What is expected: Please restate, exactly as they appear, only the lines from the one that contains "Lazo De Raso" to the final line of the entries, with no pictures.

Given data:
········
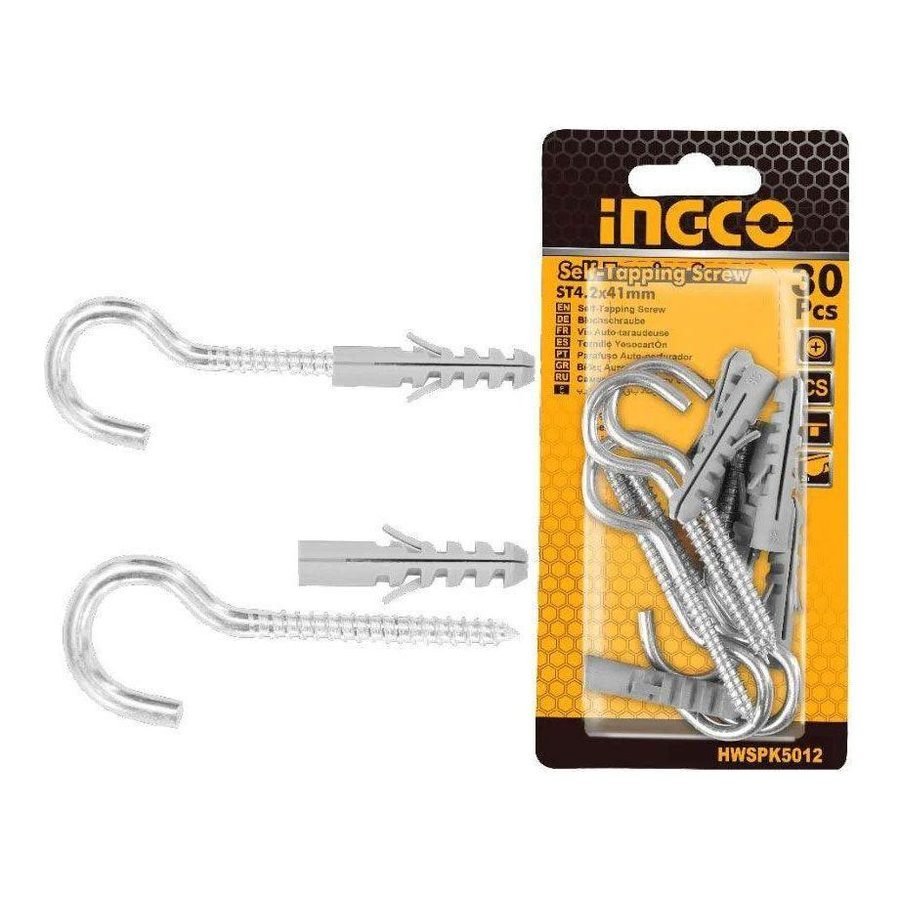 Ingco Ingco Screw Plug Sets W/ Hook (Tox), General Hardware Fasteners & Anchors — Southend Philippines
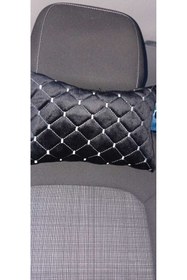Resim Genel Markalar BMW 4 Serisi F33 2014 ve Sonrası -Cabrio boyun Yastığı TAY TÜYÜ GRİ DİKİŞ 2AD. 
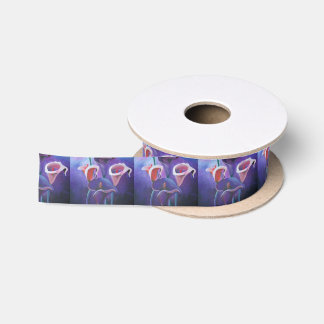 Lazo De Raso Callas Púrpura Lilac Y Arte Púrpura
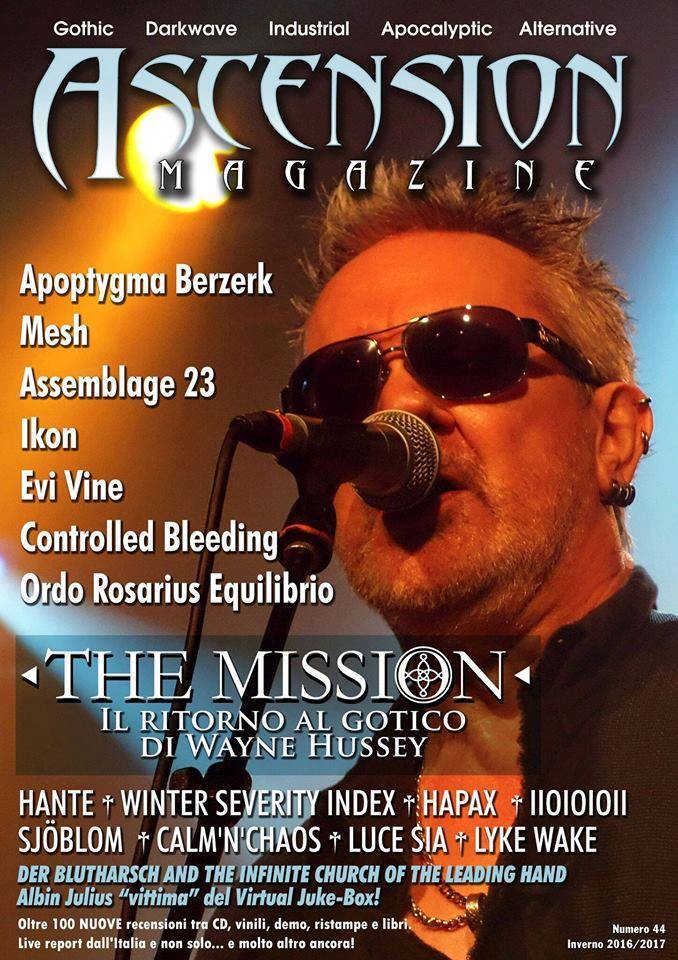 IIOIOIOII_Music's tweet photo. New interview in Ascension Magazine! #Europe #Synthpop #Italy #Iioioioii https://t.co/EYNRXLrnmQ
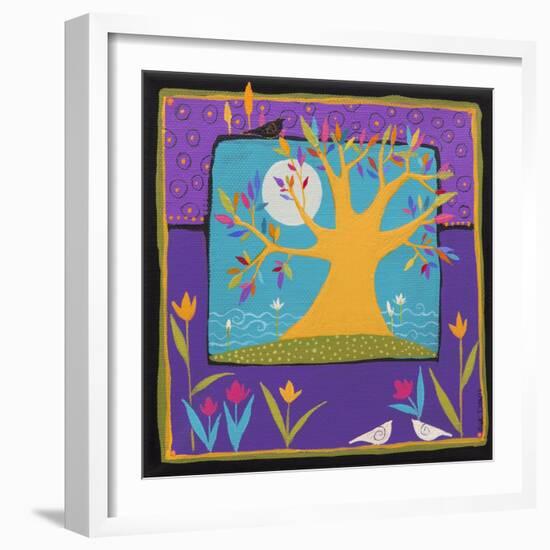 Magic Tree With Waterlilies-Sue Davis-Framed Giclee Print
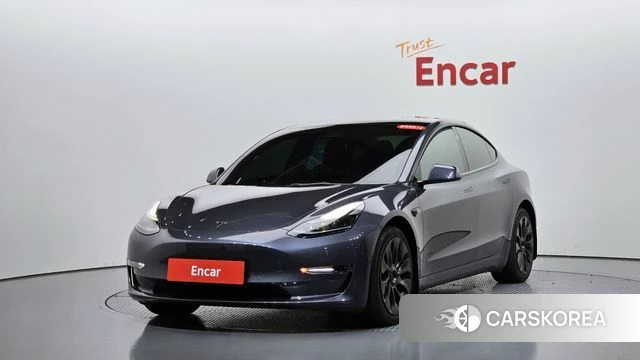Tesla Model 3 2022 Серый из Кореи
········
Result of the task:
 Lazo De Raso Callas Púrpura Lilac Y Arte Púrpura
 IIOIOIOII_Music's tweet photo. New interview in Ascension Magazine! #Europe #Synthpop #Italy #Iioioioii https://t.co/EYNRXLrnmQ
 Magic Tree With Waterlilies-Sue Davis-Framed Giclee Print
Tesla Model 3 2022 Серый из Кореи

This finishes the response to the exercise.